For Rabbi Seth Adelson of Congregation Beth Shalom in Pittsburgh, receiving the news about the attack last Saturday morning as he headed to worship brought back traumatic memories of Oct. 27, 2018. That Sabbath morning was shattered by news that a gunman attacked the nearby Tree of Life synagogue and killed 11 people from three congregations meeting there.

The difference, he said in an interview, was “we just we could not comprehend the idea of a shooting at a synagogue in Pittsburgh.” By comparison, last week’s Hamas attack was “tragic and horrifying and gut wrenching, but it was believable.”

After the Pittsburgh synagogue attack, “we felt the whole community embraced us,” Adelson said. “One of the things that many of us are feeling right now is that we are not feeling that embrace. We are really a community in pain and we don’t feel support.”

But they are carrying on with the rhythms of ritual life, Adelson said. Saturday’s service at Beth Shalom includes a bar mitzvah, a young man’s coming-of-age initiation.

“Sometimes we celebrate, even as we know we must grieve,” he said.

 

At other U.S. synagogues, tears, prayers, anger — and police deployments

In Pennsylvania, a SWAT officer guarded the entrance at the Shul at Newtown during its service. Outside, Edward Mackouse, 80, said he was carrying a concealed gun to protect the Orthodox synagogue – part of Chabad Lubavitch, a Hasidic movement. “We cannot be too prepared,” he said.

Inside, Rabbi Aryeh Weinstein denounced those who justify the attacks by Hamas.

“There’s something very wrong with a mind when it thinks it can justify the enormity of the tragedy,” he said.
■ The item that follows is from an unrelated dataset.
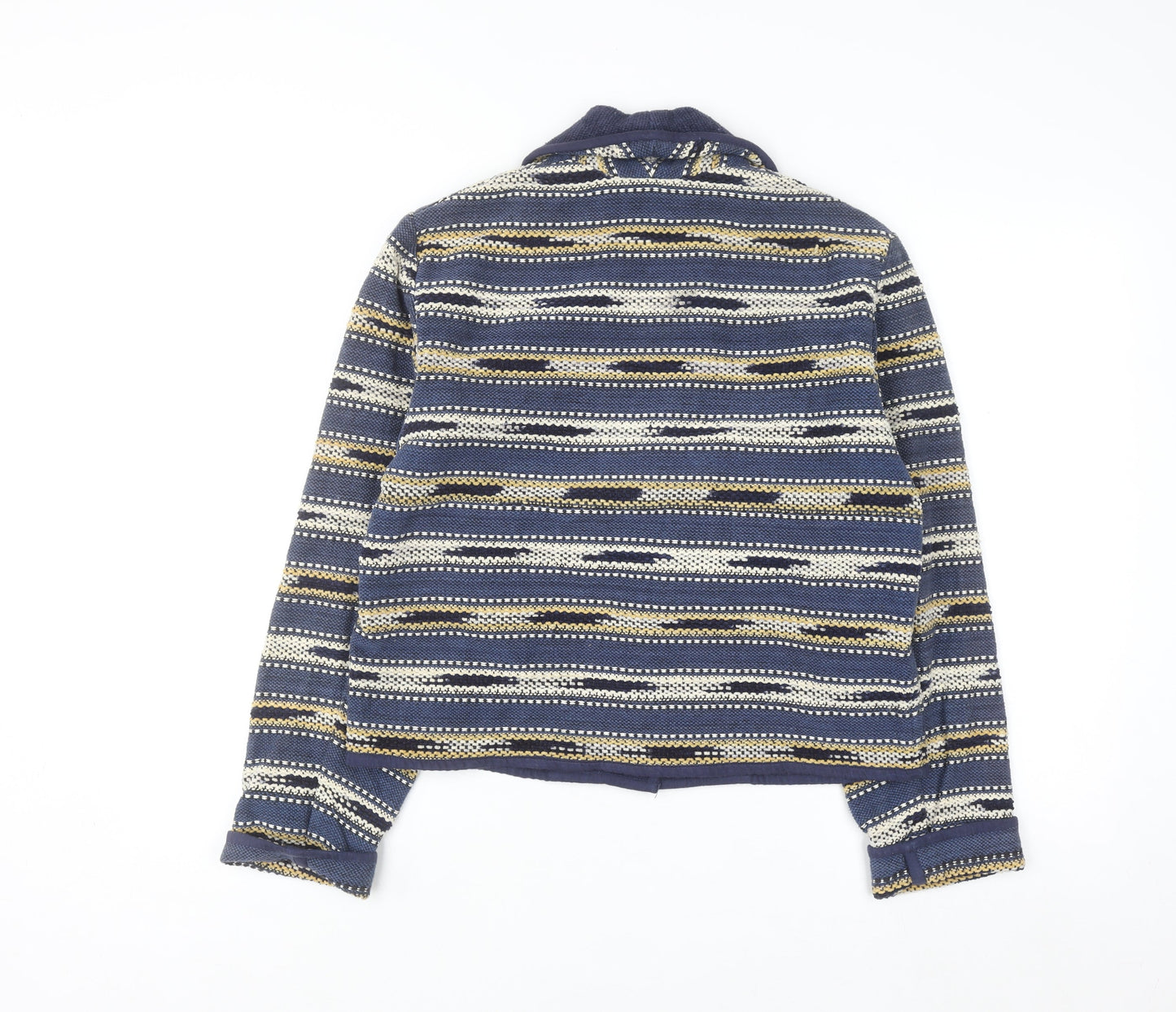 New Identity Women's Blue Striped Cotton Knit Blazer M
He told congregants that if someone questions them about the Jewish right to Israel, they should not engage in intellectual debate.

“It’s very simple: because there’s a God in the world. God created the world. And God decided that he wants to give us that land – and therefore, it is our land.”

In Washington, D.C., police cruisers with flashing lights were parked outside during services at Adas Israel Congregation, a prominent Conservative synagogue. Rabbi Aaron Alexander reminded congregants that this week’s liturgy repeated the Hebrew refrain to “free the captives.” He invoked the Israelis held hostage and Palestinians trapped in Gaza.

Alexander noted there were worshippers connected to those killed by Hamas: a rabbi on staff lost a cousin on the Gaza border; and a friend of his was being held hostage.

The rabbi paused at times, overcome with emotion. Worshippers wiped their eyes.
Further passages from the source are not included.